So where is the line drawn between family friendly and straight-up sanitized? This is particularly pertinent when it comes to the “Lizzie McGuire” revival. Nominated for two Primetime Emmys over its two season run, “Lizzie McGuire” was a series that didn’t shy away from discussing elements associated with female adolescence, from Lizzie’s desire to buy a bra to her attempts to find the right boy to date. “Lizzie McGuire” was family friendly, but it made sense when she was a 13-year-old. Today, Disney+ recycles similar material with their Latinx-based series “Diary of a Future President.” Like “Lizzie McGuire” before it, “Diary of a Future President” devotes episodes to menstruation and bra shopping, elements tween girls might know but are too embarrassed to talk to their parents about.

But what is necessarily wholesome about being a 30-year-old woman living in New York City, as the plot line to the “Lizzie McGuire” revival mentioned? An updated “Lizzie” is a chance for Disney to maintain some honesty in a beloved character, one who could still resonate with the aged-up audience interested in the show. Television has presented that era of womanhood as a time filled with high fashion and endless romance (a la “Sex in the City”). These shows were also unrealistic, but they at least emphasized that being an adult woman meant having a job, contemplating children, and, yes, being a sexual figure. Duff’s Lizzie McGuire doesn’t have to jump from guy to guy every episode (or from woman to woman for that matter).

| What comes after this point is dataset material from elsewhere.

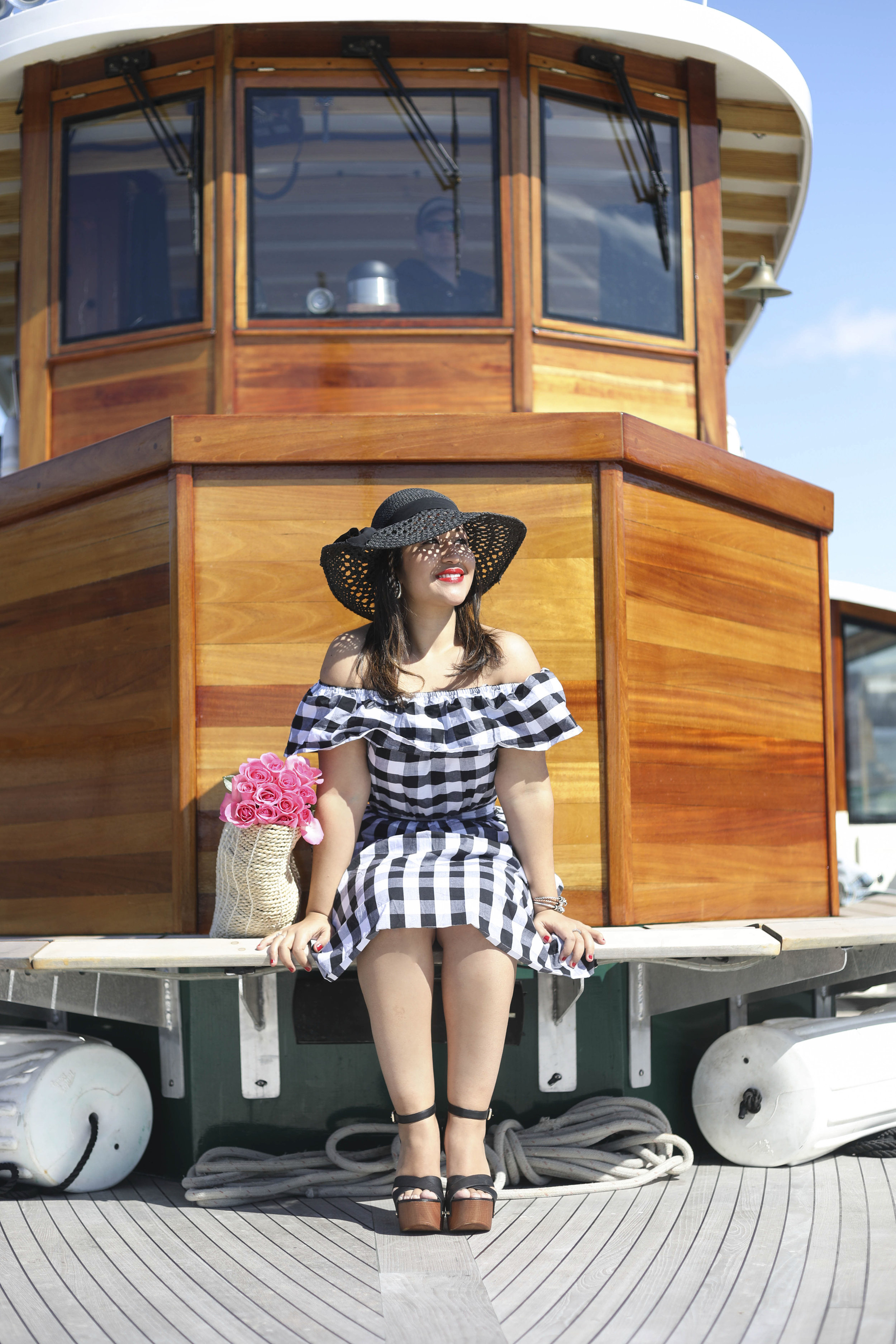 Off the Shoulder Spring Dress x Gingham Print x Make Me Chic x NYC Cruise x Troll Beads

In fact, there could be just as much exploration about Lizzie’s desire to be alone and her own woman and how that doesn’t jibe with how movies and television have dictated where a woman Lizzie’s age should be in her relationships. But to ignore these issues is to contain women, once again, in a safe Tupperware version of femininity. In this situation, nostalgia becomes a prison by which to hold women to outdated standards of who they should be, not who they are. Or, more likely, who they never were.

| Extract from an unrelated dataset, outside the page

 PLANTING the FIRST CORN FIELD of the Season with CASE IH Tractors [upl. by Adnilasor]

Disney has retconned and repositioned originally complex shows before for a younger audience, as is the case with the 2014 series “Girl Meets World.” That show was a spin-off/continuation of the popular 1993 series “Boy Meets World” which ran for seven seasons on ABC. The original show centered on the life of tween boy Cory Matthews (Ben Savage) who grew up in front of audiences, eventually getting married to his elementary school sweetheart. Along the way episodes focused on poverty, sexual harassment, and teen sex. When the show went to syndication, airing on the Disney-owned Freeform, certain episodes of the series weren’t screened due to content issues. When “Girl Meets World” eventually aired on the Disney Channel, it was far from what the original series had been, positioning itself as a slapstick sitcom in the vein of “Full House.” It’s unrealistic for “Lizzie McGuire” to make a similar attempt.

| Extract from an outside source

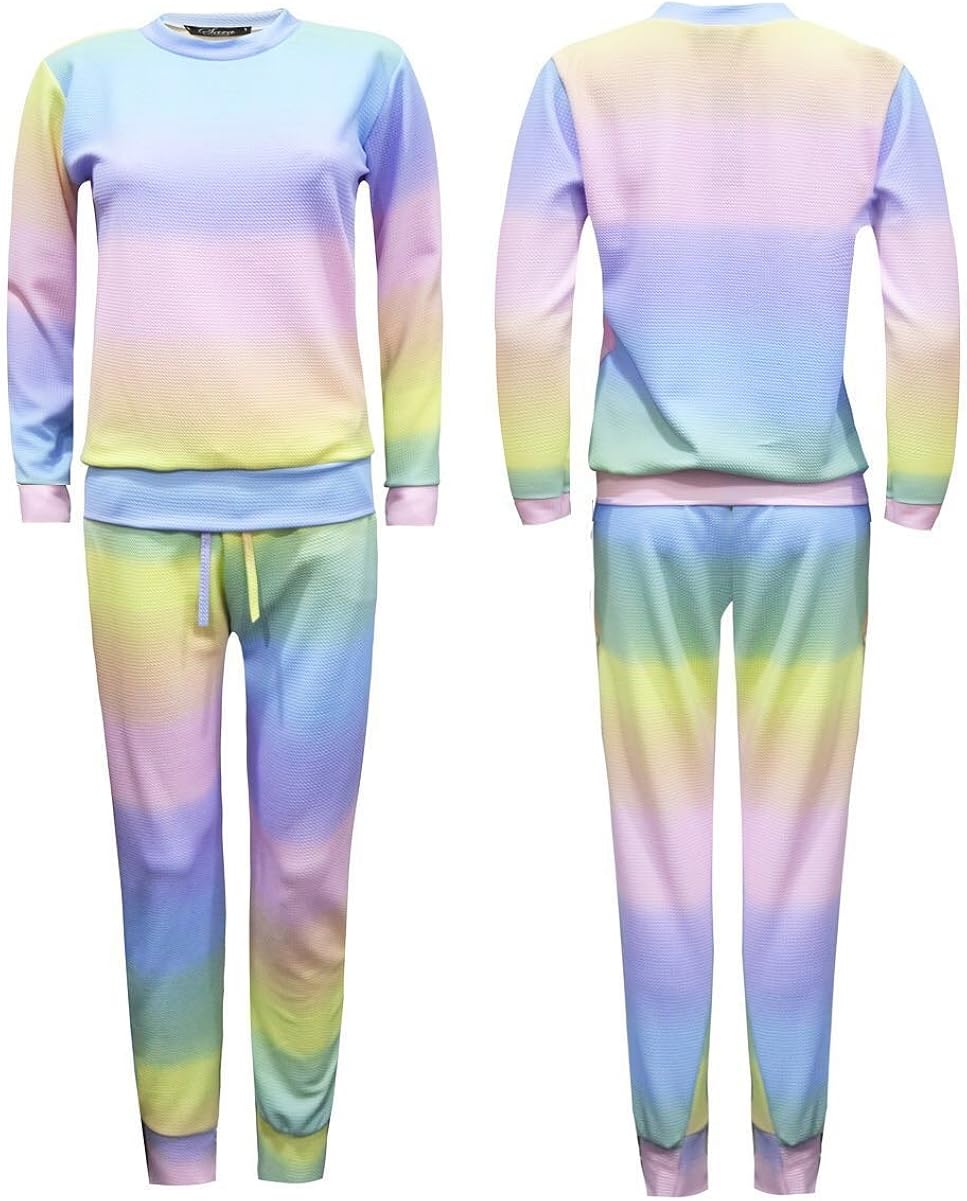 rainbow tracksuit ladies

It’s unclear where the revival on Disney+ stands at the moment. Minsky said in the Variety interview that she’d love the series to go the way of “Love, Simon” and end up on Hulu so they could make the show they want. When reached for comment by IndieWire, a spokesperson for Disney said: “We paused production on ‘Lizzie McGuire’ a few weeks ago to allow time for some creative re-development. Our goal is to resume production and to tell an authentic story that connects to the millions who are emotionally invested in the character, and a new generation of viewers too.”

In the great Peak TV battle for nostalgia lovers, who is more valued and to whom should shows cater? Is it the millions of viewers emotionally invested in the character they grew up with and who they want to see grow alongside them? Or is it the new generation of viewers meeting a grown woman they can’t aspire to in 2020?